Aunque la reina sólo recibe a personalidades del más alto rango y, desde un punto de vista protocolario, el primer ministro chino no era acreedor a semejante honor, el número dos del gobierno chino fue finalmente recibido en el palacio de Windsor el 17 de junio. Li Keqiang tenía al fin su deseada foto.
La instantánea que, en medio de la importancia que británicos y chinos dan a las cuestiones formales, expone tanto la influencia no exenta de prepotencia por parte de China, como la mansedumbre fronteriza con la pleitesía que exhibe el gobierno británico con el gigante asiático. Detrás del giro de 180 grados de Londres está, cómo no, el maldito dinero. Esto es, la convicción de que China es un socio fundamental para su economía y que, por lo tanto, es necesario estar a partir un piñón con el régimen comunista para no comprometer las oportunidades futuras.
Para sellar su amistad, Londres ha traicionado algunos de los valores que los anglosajones tan orgullosamente dicen defender. Todo se remonta a un encuentro que el primer ministro británico, David Cameron, tuvo en 2012 con el Dalai Lama. Se citaron en la catedral londinense de St. Paul, y no en el número 10 de Downing Street, la residencia oficial del primer ministro, creyendo que con ello atenuaría las críticas de Pekín. Nada más lejos de la realidad: a Londres le cayó la del pulpo.

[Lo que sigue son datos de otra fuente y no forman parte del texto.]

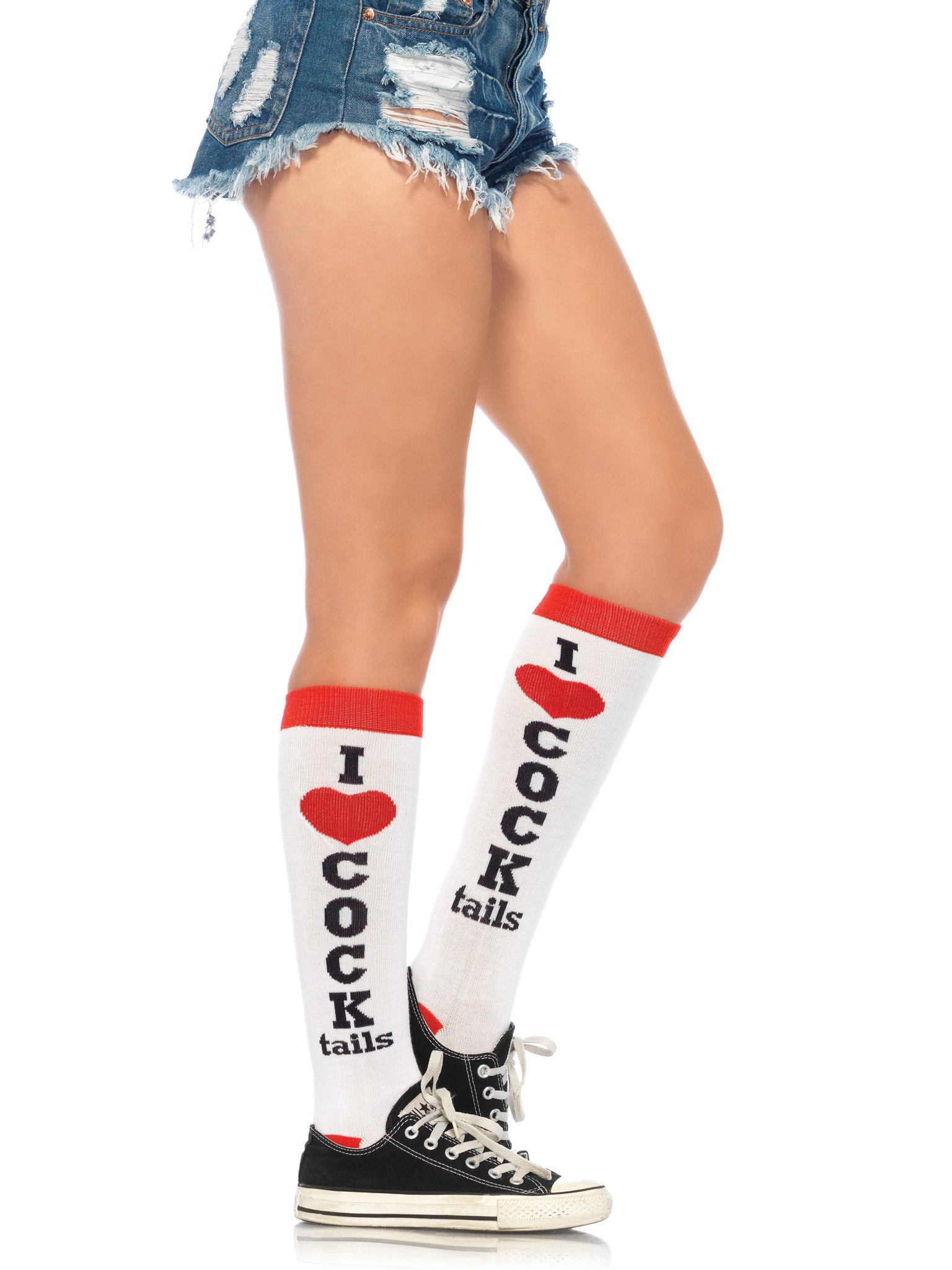 Cocktails acrylic knee socks O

Y, al igual que le sucedió a Noruega tras la concesión del Premio Nobel de la Paz al disidente Liu Xiaobo, China cortó además fulminantemente las relaciones institucionales. Cameron se apresuró entonces a decir que no volvería a reunirse con el líder espiritual tibetano y, en los últimos 12 meses, ha tenido además constantes gestos de acercamiento con China. Ello pese a que en su visita oficial al país asiático del pasado mes de diciembre, fue tratado –según no pocos medios y observadores británicos– de forma casi humillante.
“El Reino Unido es sólo un viejo país europeo apto únicamente para viajar y estudiar. Ya no es una potencia a los ojos de los chinos”, publicó el Global Times, diario oficial chino. Tampoco faltaron las referencias a la vergonzante huella histórica de Reino Unido en China. Pero, pese al rifirrafe, Pekín no congeló el comercio bilateral. De hecho, en 2012 aumentó un 7% con respecto al año anterior. Lo que demuestra, mayormente, que China puede poner el grito en el cielo por algo, pero ello no implica que vaya a cortar de raíz las relaciones económicas bilaterales.

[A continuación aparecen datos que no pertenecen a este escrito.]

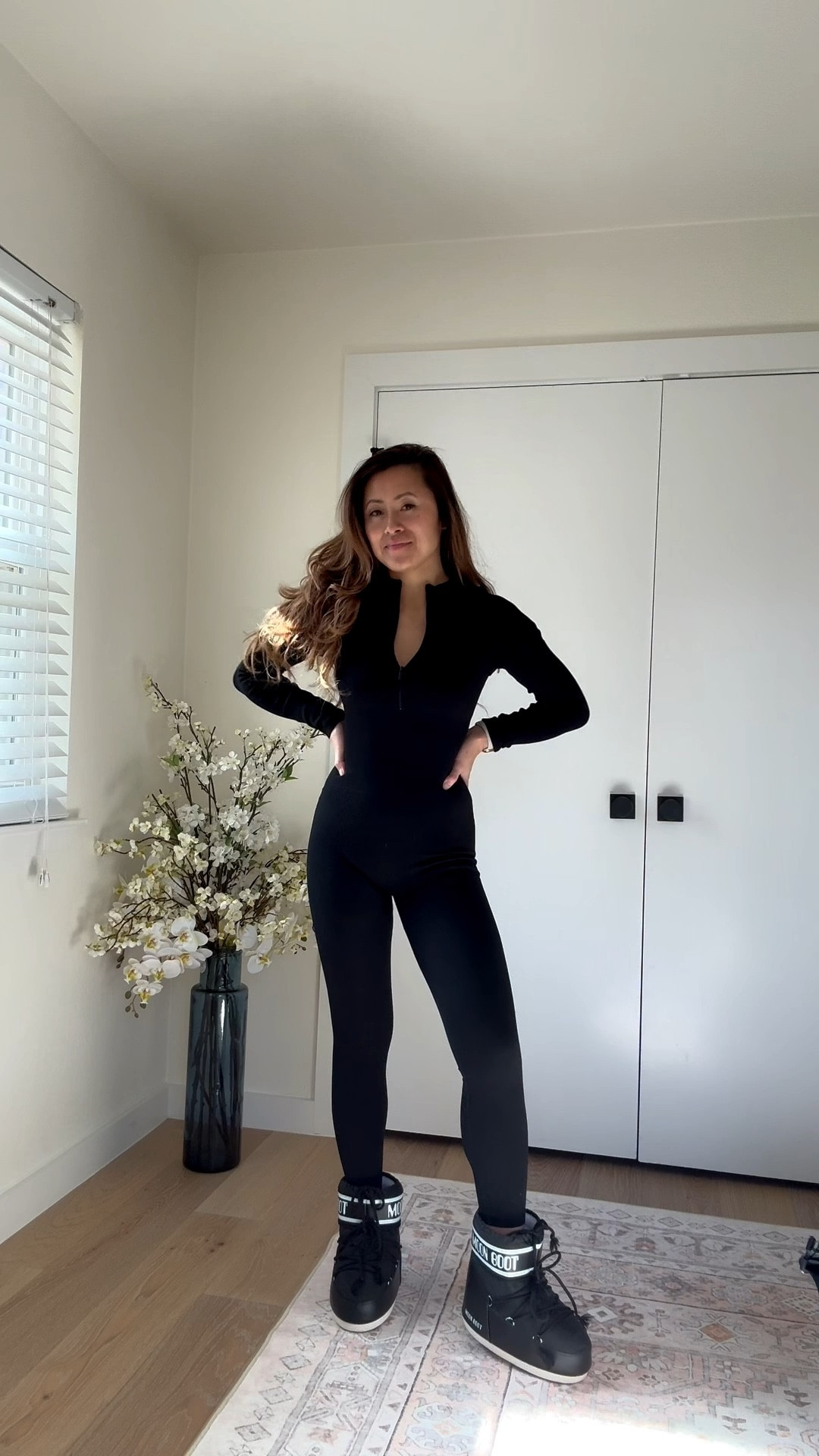 Are you ready for Après-ski’s !?!
Full bodysuit in brown and black from Amazon. I wear a small. I am 5’3” 122lbs

#LTKSeasonal #LTKActive #LTKootd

También en el caso de Noruega el comercio entre ambos países aumentó un 19% en los dos años posteriores a la crisis por el Nobel. Por tanto, quizá los líderes europeos, con el británico a la cabeza, deberían reflexionar acerca de qué sacan realmente a cambio cuando dejan que un régimen dictatorial les marque la agenda política.

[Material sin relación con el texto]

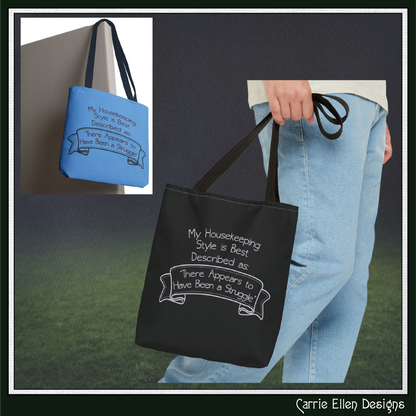 My Housekeeping Style Described Machine Embroidery Design Saying, 6 Sizes (3901)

Este clima de recién estrenada camaradería habría sido clave para que China se decidiera a invertir a lo grande en las islas británicas. Además de la red ferroviaria de alta velocidad, las centrales nucleares de nueva generación y las inversiones inmobiliarias en Londres, para el gobierno de Cameron el gran objetivo es que la City de Londres sea elegida centro financiero offshore del yuan en Europa. Según los expertos, si la divisa china continúa su proceso de internacionalización y acaba convirtiéndose en moneda global, con una importancia similar a la que hoy tiene el dólar, el impulso económico que supondría para la capital británica sería formidable.
Quizá la solución para que Pekín deje de influenciar la agenda política de los países (democráticos) europeos, es que la Unión Europea consensue una posición común con respecto a las recepciones con el Dalai Lama y otros asuntos sensibles para China. Sería una forma de blindar individualmente a cada país además de que mandaría un mensaje inequívoco a Pekín. Porque China puede ‘castigar’ a un país, pero no puede permitirse un enfrentamiento con toda la UE, su principal socio comercial.
Pero con las apremiantes necesidades económicas actuales, una Alemania que exporta la mitad de las mercancías comunitarias que importa China y, en general, un clima en Bruselas en el que cada cual hace la guerra por su cuenta, las posibilidades de que eso fructifique son mínimas. En ese contexto, Pekín se mueve, con su táctica de ‘divide y vencerás’, como pez en el agua.